Le présentateur pense bien entendu aux 143 grâces présidentielles et commutations de peines – comme on peut le voir à partir de 3’43’’. Son ancien conseiller Steve Bannon, accusé d’avoir détourné des dons, bénéficie d’une grâce préventive. Plusieurs responsables politiques, dont un ancien maire démocrate, ont été dispensés de peine. Tout comme les rappeurs Lil Wayne et Kodak Black, condamnés pour possession d’armes.
Pour Trevor Noah, le fait que Donald Trump ne se soit pas gracié est logique – compte tenu de son lourd bilan. D’autant plus que selon des rumeurs, l’ex-président se serait secrètement accordé une grâce afin de pouvoir l’utiliser plus tard en cas de besoin. D’ailleurs, le débat fait actuellement rage quant à la légalité de cette pratique, si tel est le cas. Quoi qu’il en soit, Trevor Noah est certain que Donald Trump gaspillerait ce laissez-passer pour une broutille - comme une amende pour stationnement sur une place handicapé.
Le marais est asséché – longue vie au marais
Le présentateur de late-night show rappelle néanmoins que d’autres présidents américains sortants ont agi de la même manière: «Bill Clinton a gracié son frère et un homme d’affaires véreux dont l’ex-épouse avait fait un don à sa bibliothèque.» Donald Trump est toutefois passé au niveau supérieur, affirme-t-il – et il ne s’est pas arrêté là, comme on peut le voir à partir de 6’53’’.
Au petit matin, Donald Trump a retiré un décret qu’il avait lui-même signé en 2017 dans le but d’assécher le «marais de Washington»: celui-ci interdisait aux anciens fonctionnaires de rejoindre des lobbies au cours des cinq années suivant leur départ.
«Après tout ce temps passé à parler de sa volonté d’assécher le marais, il se débarrasse de la seule règle qu’il a réellement promulguée pour lutter contre la corruption juste avant de quitter ses fonctions», résume Trevor Noah.

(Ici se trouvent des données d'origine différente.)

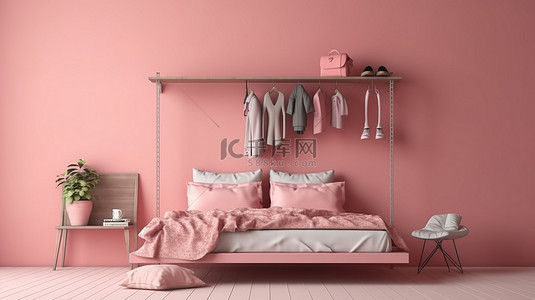 女性粉色房间，配有挂衣服和床 3D 渲染复制空间模板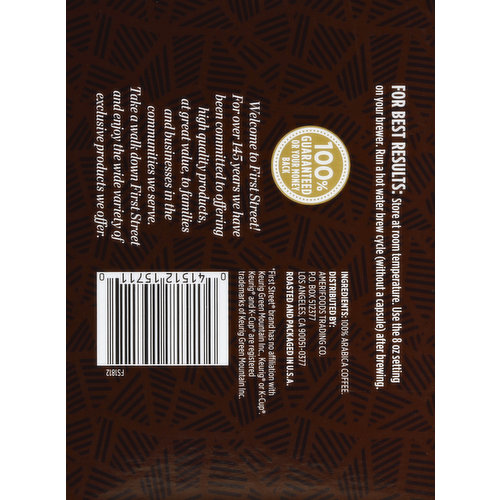 First Street Coffee, 100% Arabica, Dark, French Roast, Single Serve, Pods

Cela étant, concède-t-il, les lobbies sont probablement le seul secteur où l’on pourra encore voir des membres de l’administration Trump, compte tenu de leur CV.
Joe Biden fait le ménage
Alors que le New-Yorkais a quitté pour de bon la Maison-Blanche, c’est au tour des équipes de nettoyage d’entrer en scène: tout est désinfecté, les affaires laissées par les anciens locataires sont enlevées et la chambre présidentielle est réaménagée, car le nouveau président et son épouse dorment dans la même pièce. On nous apprend par ailleurs que les matelas sont remplacés.
Les images sont également différentes lorsque l’on compare 2017 et 2021: à l’époque, Barack et Michelle Obama avaient réservé un accueil chaleureux à Donald et Melania Trump et leur avaient remis les clés.
Cette fois-ci, Joe et Jill Biden sont seuls quand ils font signe aux caméras avant de s’installer à la Maison-Blanche. L’homme de 78 ans a tout au moins pu se mettre immédiatement au travail, comme on peut le voir à partir de 9’40’’.
Plein d’entrain, Joe Biden signe son premier décret: une douzaine de modifications sont apportées pour réviser des textes particulièrement controversés de Donald Trump. Joe Biden consacre le retour du pays dans l’accord de Paris sur le climat, lève les restrictions de voyage imposées aux ressortissants de plusieurs pays musulmans, bloque un projet d’oléoduc qui avait alerté les écologistes, renforce les mesures de lutte contre la pandémie et reporte le remboursement des prêts étudiants.
Une conclusion qui donne à réfléchir
Trevor Noah conclut son émission: «Eh bien, mes amis. «Donald "Mon Dieu c’était dingue" Trump a officiellement quitté la Maison-Blanche, pour de bon. Et je sais – je sais que beaucoup de gens sont furieux maintenant à cause de l’état dans lequel il a laissé le pays.»
Mais il faut voir le bon côté des choses, soutient-il. «Premièrement, l’Amérique a survécu à Trump et a ainsi prouvé sa résilience. Et deuxièmement, Le mandat de [Donald] Trump a vraiment mis en lumière de nombreuses failles dans le système américain» sur lesquelles il faut désormais se pencher, affirme-t-il.
Et pour cause: «Avant qu’on ne s’en rende compte, 2024 arrivera et Donald Trump pourrait revenir – sous une forme ou une autre.»